Orkhonbayar Bayarsaikhan ᠪᠠᠶᠠᠷᠰᠠᠢᠬᠠᠨ ᠤ᠋ ᠣᠷᠬᠤᠨᠪᠠᠶᠠᠷ

Personal information
- Native name: Баярсайханы Орхонбаяр
- Nationality: Mongolia
- Born: 1 July 1998 (age 28) Tsagaannuur, Selenge Province, Mongolia
- Education: Teacher Education and Coaching
- Employer: Mongolian Armed Forces Senior Lieutenant;
- Height: 1.82 m (6 ft 0 in)
- Spouse: Munkhtsetseg Shagdarsuren

Sport
- Country: Mongolia
- Sport: Mongolian wrestling
- Rank: State Wide Champion
- University team: Avarga University (2016–2020)
- Club: Tavan Khan; Aldar Sports Committee;
- Coached by: Gantumur Luvsan (2012–2014); Usukh-Ireedui Tuvdendorj (2015–present); Adyaakhuu Bayarsaikhan (2015–present);

Achievements and titles
- National finals: (2026)

Medal record
Mongolian wrestling
Representing Mongolia
National Festival
| Gold medal – first place | 2026 Ulaanbaatar |  |
| Silver medal – second place | 2024 Ulaanbaatar |  |
| Silver medal – second place | 2022 Ulaanbaatar |  |
Tsagaan Sar
| Bronze medal – third place | 2025 Ulaanbaatar |  |
President’s Cup
| Gold medal – first place | 2025 Ulaanbaatar |  |
| Gold medal – first place | 2022 Ulaanbaatar |  |
Provincial Festival
| Gold medal – first place | 2019 Selenge |  |
| Gold medal – first place | 2018 Selenge |  |
Sum Festival
| Gold medal – first place | 2024 Tsagaannuur |  |
| Gold medal – first place | 2017 Tsagaannuur |  |

= Orkhonbayar Bayarsaikhan =

Mongolian wrestler

Orkhonbayar Bayarsaikhan (Баярсайханы Орхонбаяр, born 30 June 1998) is a Mongolian wrestler who competes in traditional Mongolian wrestling (Bökh).
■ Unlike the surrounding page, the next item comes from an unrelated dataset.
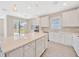 Bright kitchen featuring white cabinetry, stainless steel appliances, a large center island with plenty of storage at 6398 Bradford Woods Drive, Zephyrhills, FL 33542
He holds the title of State Wide Champion and became the 26th State Wide Champion in the history of the National Naadam Festival.

==Work and Business==

- Since 2019, he has been affiliated with and serving under the “Aldar” Sports Committee of the Mongolian Armed Forces, holding the military rank of Senior Lieutenant.
- Since 2022, he has been a shareholder of “Mongolian Standard Development Group” LLCshareholder and ultimate beneficial owner.
- Since 2026, he has been a shareholder of “Standard Network” LLC shareholder and ultimate beneficial owner.

==Education==

In 2020, he graduated from Avarga University with a Bachelor’s degree in Education, specializing in Teacher Education and Coaching.

==Career==

A fan of wrestling and judo as a kid, Bayarsaikhan started wrestling in 2014 at the age at the age of 16 where he started training in Bökh and freestyle wrestling. In 2017 he won an youth freestyle wrestling championship, but had to take a year off due to a leg injury. In 2018 he won a provincial Bökh tournament, and competed in his first Naadam competition and reached 5th round, earning the title rank of Mongolian Bökh Nachin (falcon). In 2022, he won the Naadam competition, as well as several other national Bökh competitions. In 2023, sustained a shoulder injury that required several surgeries, before coming back to competitive Bökh wrestling in 2025. In March 2025, he won the Nauryz, a 128-man wrestling tournament. In 2025, he appeared as the captain of Team Mongolia on the Netflix competition series Physical: Asia, which premiered on 28 October 2025.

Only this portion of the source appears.